Brief:
Give back the full listing as written. No pictures go with it.

Source material:
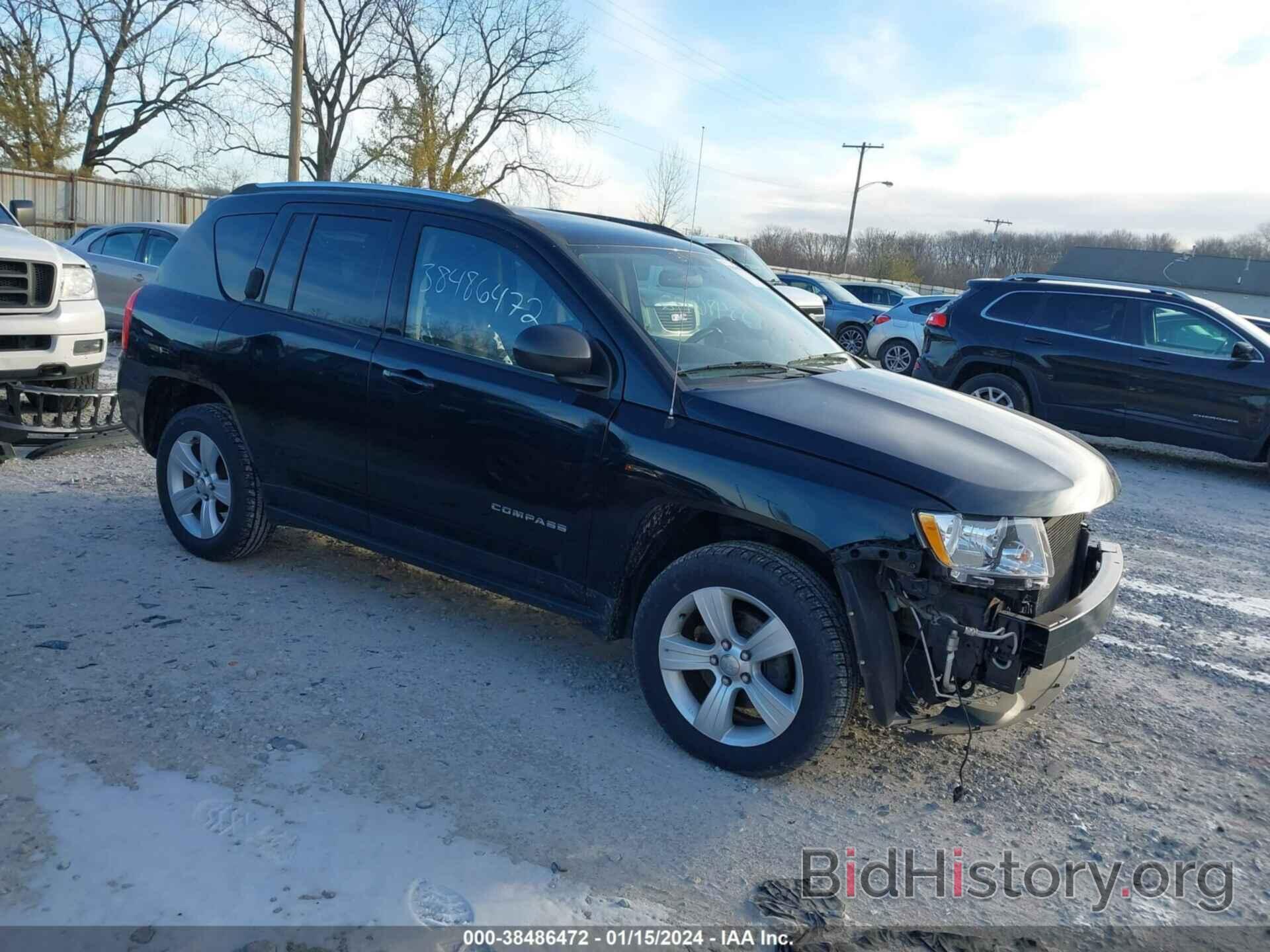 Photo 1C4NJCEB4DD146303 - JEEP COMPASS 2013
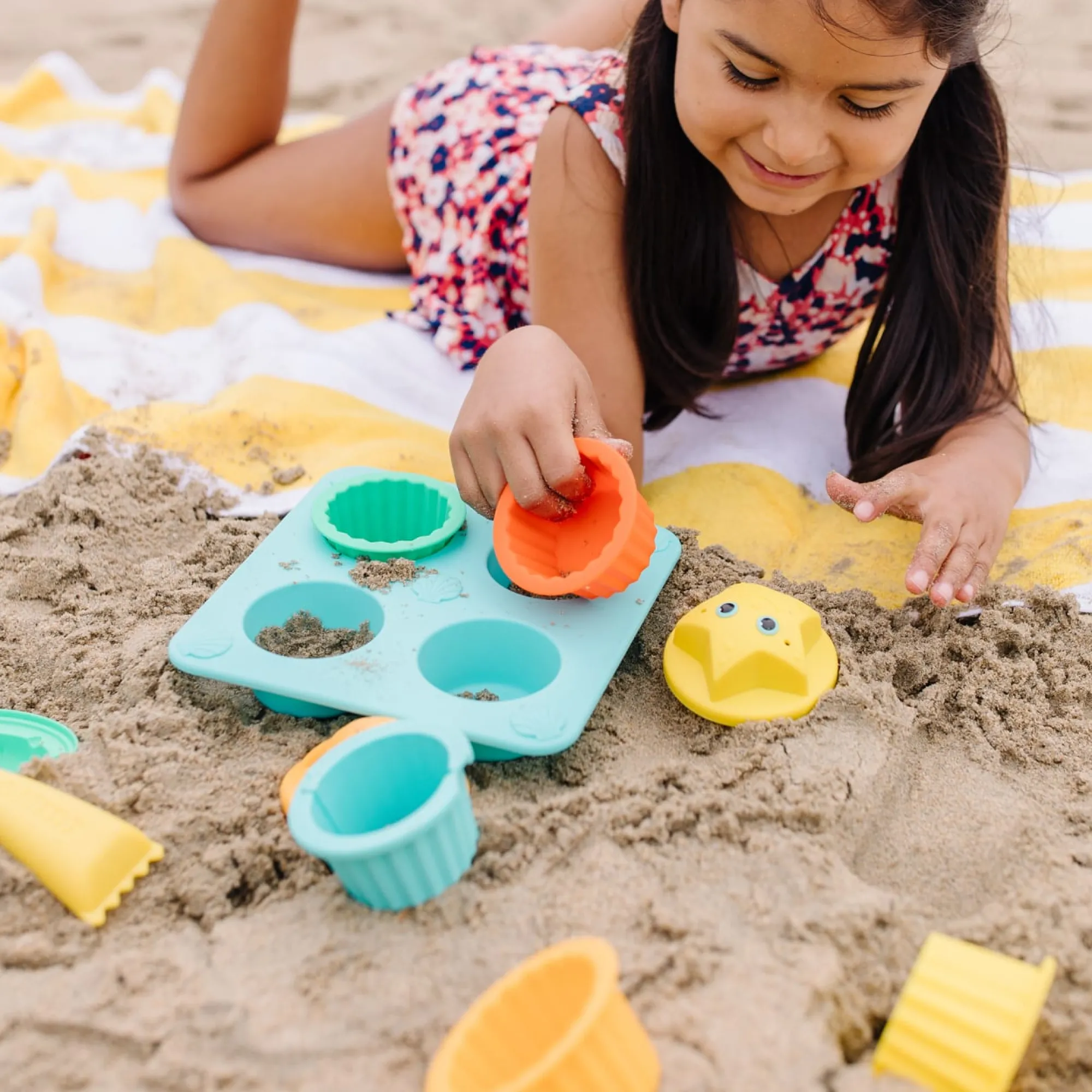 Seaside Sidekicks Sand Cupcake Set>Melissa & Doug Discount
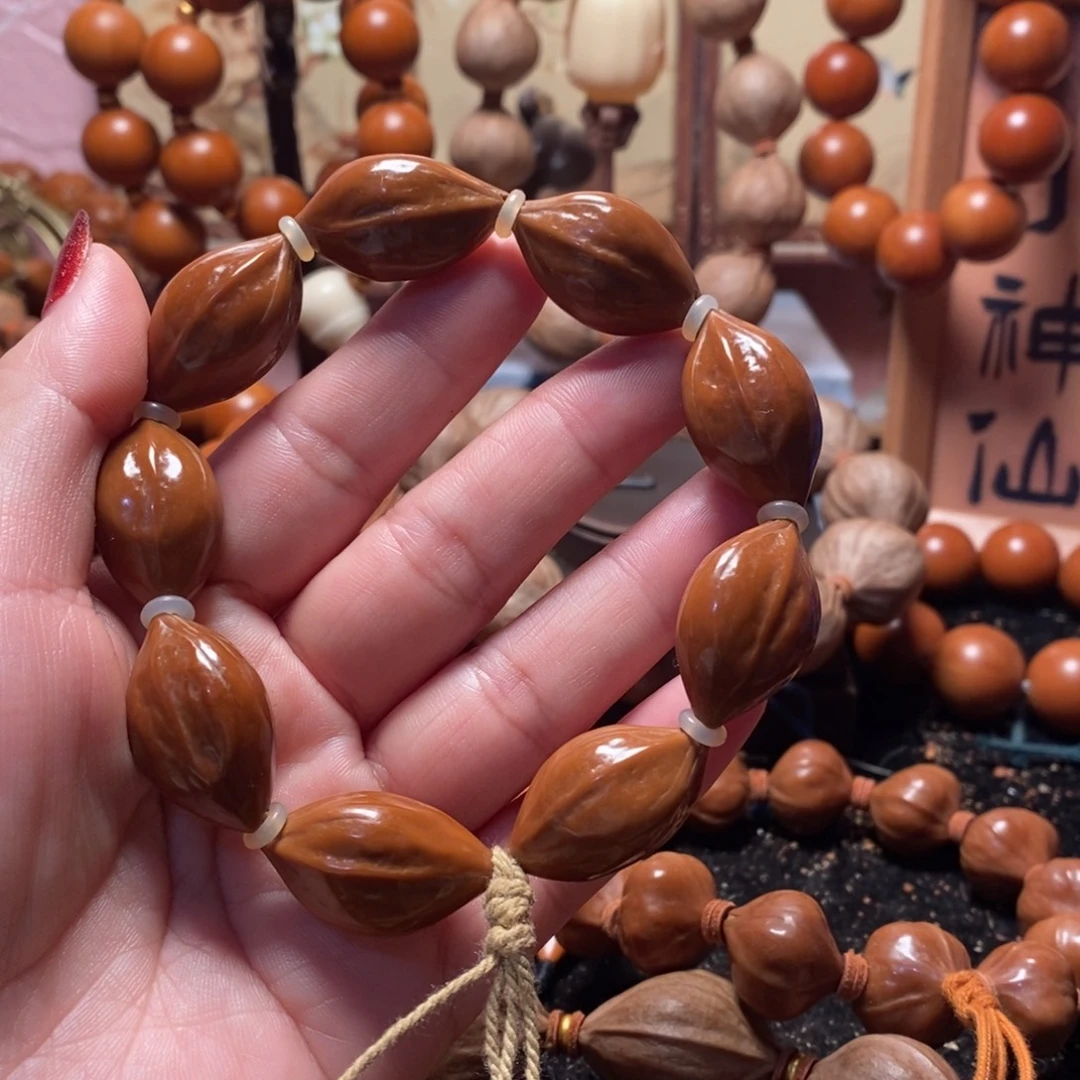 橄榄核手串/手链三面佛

Result of this exercise:
 Photo 1C4NJCEB4DD146303 - JEEP COMPASS 2013
 Seaside Sidekicks Sand Cupcake Set>Melissa & Doug Discount
 橄榄核手串/手链三面佛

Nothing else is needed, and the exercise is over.